# [Work order]
Quote every line from the top of the listing down to and including the line that contains "Doppelzimmer mit gemeinsamer".

# [Extracted data]
=-=-=-=-=

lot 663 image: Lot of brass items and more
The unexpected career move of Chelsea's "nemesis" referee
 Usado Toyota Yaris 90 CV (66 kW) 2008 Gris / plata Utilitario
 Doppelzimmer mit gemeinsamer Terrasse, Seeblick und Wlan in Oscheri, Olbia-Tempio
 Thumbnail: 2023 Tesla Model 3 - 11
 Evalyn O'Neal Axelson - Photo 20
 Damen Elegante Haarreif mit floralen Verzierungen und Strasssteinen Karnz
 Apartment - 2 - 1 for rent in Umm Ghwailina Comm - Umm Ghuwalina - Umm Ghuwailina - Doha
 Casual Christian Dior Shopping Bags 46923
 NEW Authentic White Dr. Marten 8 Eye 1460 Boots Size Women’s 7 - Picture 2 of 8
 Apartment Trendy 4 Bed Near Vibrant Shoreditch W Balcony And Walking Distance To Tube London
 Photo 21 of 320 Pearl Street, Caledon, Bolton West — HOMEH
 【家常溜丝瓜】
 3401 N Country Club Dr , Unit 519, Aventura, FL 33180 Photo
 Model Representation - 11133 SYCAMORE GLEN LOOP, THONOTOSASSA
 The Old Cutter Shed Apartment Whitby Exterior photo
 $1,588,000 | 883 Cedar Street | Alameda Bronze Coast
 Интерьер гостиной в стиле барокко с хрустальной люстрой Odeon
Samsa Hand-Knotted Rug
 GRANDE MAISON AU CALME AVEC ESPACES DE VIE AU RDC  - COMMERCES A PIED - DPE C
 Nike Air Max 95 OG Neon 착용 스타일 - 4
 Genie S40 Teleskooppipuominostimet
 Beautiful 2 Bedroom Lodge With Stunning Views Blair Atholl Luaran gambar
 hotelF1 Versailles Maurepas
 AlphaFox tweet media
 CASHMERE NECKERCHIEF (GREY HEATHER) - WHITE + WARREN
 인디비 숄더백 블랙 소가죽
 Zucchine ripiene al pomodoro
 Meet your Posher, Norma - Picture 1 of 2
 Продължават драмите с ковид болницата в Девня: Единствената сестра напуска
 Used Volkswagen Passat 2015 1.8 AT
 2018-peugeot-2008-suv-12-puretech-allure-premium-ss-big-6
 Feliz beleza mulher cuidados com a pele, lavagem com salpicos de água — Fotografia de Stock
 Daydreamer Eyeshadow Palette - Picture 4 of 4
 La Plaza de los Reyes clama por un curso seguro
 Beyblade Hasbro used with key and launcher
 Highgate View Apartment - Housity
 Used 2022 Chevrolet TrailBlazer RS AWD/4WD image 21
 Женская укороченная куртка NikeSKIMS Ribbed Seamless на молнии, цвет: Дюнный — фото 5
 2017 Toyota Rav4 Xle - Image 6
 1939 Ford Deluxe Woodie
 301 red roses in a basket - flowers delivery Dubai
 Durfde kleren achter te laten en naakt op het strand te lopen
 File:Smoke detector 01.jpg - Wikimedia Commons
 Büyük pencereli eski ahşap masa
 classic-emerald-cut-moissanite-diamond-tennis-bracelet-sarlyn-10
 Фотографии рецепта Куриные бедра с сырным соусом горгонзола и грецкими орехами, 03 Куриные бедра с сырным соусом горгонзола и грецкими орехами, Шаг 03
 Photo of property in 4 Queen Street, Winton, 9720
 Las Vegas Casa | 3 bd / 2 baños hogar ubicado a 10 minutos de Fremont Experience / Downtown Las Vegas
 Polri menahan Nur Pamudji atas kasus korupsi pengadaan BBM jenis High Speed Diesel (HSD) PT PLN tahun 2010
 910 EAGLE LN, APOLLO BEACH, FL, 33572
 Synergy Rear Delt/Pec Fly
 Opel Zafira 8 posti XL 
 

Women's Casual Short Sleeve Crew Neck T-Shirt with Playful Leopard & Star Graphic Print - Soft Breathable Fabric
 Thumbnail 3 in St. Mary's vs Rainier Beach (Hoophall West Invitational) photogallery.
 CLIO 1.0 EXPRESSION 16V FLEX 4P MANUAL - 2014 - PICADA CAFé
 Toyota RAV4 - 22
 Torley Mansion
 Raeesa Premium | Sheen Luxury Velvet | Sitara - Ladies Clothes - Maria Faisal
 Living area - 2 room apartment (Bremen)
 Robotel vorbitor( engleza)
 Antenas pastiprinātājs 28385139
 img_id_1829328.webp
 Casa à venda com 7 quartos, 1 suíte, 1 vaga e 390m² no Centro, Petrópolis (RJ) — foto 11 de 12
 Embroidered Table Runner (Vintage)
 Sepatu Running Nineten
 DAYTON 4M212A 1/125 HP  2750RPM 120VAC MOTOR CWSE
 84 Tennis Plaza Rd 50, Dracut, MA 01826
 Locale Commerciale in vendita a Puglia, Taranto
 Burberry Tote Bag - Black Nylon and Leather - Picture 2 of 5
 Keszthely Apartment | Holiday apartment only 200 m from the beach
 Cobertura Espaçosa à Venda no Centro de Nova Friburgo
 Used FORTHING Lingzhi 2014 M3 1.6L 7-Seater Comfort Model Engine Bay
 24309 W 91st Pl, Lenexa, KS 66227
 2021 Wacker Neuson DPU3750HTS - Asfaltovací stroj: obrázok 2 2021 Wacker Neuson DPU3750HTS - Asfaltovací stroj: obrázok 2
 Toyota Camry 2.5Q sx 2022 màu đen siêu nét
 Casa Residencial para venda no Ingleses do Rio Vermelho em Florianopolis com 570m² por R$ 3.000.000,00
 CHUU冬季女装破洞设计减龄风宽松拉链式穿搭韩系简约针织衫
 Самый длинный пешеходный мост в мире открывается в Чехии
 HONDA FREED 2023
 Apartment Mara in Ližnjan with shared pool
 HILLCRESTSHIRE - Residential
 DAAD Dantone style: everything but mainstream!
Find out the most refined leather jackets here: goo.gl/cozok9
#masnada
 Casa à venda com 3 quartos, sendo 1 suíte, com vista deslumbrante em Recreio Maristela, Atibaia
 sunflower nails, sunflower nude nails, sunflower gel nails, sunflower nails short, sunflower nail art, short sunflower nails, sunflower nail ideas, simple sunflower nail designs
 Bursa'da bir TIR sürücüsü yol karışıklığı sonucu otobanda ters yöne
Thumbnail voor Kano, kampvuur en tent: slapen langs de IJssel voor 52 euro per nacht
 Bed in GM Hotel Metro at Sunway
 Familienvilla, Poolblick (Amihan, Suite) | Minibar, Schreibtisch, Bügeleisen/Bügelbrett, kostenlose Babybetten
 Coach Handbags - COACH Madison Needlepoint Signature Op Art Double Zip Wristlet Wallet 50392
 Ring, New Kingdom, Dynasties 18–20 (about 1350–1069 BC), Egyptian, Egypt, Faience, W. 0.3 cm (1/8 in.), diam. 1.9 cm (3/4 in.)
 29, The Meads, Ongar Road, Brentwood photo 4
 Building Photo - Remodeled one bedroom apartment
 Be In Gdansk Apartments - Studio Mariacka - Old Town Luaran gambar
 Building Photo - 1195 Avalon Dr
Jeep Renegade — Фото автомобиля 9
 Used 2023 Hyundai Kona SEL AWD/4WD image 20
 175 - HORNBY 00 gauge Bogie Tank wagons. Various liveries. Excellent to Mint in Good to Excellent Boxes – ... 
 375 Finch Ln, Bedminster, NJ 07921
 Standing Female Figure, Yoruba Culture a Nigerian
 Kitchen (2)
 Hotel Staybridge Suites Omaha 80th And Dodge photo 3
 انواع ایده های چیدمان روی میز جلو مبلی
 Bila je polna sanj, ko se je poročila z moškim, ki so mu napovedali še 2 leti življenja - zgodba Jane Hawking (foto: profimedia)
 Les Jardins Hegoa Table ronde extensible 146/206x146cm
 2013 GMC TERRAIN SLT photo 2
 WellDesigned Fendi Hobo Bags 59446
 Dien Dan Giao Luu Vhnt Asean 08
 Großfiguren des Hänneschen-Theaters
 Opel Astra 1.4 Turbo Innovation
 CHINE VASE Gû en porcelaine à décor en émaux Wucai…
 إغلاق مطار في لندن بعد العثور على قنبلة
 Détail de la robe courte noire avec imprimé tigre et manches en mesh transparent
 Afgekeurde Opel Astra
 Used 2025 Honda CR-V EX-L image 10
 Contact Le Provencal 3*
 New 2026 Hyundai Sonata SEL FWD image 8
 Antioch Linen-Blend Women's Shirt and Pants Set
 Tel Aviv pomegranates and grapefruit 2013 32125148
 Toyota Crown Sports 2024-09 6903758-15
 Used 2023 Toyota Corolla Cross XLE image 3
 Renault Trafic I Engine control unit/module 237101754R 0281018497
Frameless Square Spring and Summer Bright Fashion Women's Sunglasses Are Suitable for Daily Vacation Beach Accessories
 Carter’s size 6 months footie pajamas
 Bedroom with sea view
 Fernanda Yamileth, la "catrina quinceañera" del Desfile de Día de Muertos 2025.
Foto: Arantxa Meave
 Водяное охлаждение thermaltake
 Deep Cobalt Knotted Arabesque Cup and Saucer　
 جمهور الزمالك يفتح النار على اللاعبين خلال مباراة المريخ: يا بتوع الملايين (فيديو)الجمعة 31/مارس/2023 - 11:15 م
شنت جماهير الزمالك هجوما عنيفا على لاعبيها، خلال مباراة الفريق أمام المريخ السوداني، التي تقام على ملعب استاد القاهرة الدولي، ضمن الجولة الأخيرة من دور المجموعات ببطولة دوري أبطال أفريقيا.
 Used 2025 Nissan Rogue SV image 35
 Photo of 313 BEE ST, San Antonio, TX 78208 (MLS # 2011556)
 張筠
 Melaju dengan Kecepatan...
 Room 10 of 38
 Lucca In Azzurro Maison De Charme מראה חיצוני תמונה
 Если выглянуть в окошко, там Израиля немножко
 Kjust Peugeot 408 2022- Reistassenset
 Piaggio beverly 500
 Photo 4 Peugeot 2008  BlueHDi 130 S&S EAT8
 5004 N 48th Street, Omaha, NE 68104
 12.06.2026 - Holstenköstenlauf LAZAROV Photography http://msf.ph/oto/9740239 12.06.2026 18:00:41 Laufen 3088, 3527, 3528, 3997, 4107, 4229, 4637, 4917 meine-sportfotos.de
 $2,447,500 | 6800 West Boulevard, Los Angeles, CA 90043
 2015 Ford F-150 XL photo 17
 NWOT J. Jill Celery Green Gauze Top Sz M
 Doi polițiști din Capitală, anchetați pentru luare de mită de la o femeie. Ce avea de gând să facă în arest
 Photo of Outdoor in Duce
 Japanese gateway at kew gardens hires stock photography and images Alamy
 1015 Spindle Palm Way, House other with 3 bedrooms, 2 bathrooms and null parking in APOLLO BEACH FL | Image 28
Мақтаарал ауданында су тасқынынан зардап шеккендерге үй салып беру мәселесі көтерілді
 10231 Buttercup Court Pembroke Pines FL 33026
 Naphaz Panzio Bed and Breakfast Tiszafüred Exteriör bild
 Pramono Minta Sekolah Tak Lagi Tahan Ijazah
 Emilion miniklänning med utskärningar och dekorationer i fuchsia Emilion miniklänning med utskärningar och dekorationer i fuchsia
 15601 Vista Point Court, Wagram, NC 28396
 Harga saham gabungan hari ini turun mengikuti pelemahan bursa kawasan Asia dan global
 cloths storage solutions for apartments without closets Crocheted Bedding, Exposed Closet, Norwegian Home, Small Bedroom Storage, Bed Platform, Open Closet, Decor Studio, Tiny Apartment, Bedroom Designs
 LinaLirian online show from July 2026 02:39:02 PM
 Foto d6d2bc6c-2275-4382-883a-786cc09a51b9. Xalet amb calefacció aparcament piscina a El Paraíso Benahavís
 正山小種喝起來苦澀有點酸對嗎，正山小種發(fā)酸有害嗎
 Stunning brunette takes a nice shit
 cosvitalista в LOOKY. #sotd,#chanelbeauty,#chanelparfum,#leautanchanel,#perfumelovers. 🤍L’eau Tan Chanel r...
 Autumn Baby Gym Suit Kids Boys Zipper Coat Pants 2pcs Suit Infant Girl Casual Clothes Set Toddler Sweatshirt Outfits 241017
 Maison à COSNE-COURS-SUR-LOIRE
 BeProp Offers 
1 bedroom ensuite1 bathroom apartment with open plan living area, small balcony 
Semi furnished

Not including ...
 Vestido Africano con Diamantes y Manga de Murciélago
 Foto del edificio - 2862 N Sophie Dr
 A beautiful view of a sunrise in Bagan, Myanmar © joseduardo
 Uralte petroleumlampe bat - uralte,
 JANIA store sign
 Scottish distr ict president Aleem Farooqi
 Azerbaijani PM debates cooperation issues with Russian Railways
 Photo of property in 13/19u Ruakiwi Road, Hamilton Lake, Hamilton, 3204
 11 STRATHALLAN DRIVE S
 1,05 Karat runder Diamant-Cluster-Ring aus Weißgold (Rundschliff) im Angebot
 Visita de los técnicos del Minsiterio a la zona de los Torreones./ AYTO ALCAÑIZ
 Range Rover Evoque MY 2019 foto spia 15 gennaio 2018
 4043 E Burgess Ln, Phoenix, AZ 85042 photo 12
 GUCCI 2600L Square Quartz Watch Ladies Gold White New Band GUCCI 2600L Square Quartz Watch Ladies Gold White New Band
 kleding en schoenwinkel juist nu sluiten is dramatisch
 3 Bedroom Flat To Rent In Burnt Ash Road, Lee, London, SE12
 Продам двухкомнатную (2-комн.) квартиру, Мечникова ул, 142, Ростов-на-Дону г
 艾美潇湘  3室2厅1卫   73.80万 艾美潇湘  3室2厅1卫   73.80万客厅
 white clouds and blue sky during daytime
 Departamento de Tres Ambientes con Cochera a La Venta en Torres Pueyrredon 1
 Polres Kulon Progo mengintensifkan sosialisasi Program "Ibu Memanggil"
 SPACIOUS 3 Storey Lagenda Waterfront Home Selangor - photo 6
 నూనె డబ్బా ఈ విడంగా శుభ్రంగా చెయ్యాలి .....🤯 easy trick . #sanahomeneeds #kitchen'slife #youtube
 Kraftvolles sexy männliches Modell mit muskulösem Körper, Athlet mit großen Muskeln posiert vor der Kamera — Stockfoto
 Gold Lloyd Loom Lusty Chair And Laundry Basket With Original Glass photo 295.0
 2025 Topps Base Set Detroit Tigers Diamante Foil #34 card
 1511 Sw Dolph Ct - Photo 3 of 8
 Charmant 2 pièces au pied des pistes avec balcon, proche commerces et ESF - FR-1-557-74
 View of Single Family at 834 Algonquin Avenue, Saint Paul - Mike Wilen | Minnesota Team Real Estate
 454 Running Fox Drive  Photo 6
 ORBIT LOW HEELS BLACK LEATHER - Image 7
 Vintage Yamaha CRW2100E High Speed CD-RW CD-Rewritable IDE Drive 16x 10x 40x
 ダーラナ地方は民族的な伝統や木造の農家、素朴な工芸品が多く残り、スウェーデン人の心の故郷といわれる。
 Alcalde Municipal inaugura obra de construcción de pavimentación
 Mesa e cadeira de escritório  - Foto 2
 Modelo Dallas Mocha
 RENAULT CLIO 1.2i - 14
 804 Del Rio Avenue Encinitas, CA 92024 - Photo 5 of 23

=-=-=-=-=

# [Problem solution]
lot 663 image: Lot of brass items and more
The unexpected career move of Chelsea's "nemesis" referee
 Usado Toyota Yaris 90 CV (66 kW) 2008 Gris / plata Utilitario
 Doppelzimmer mit gemeinsamer Terrasse, Seeblick und Wlan in Oscheri, Olbia-Tempio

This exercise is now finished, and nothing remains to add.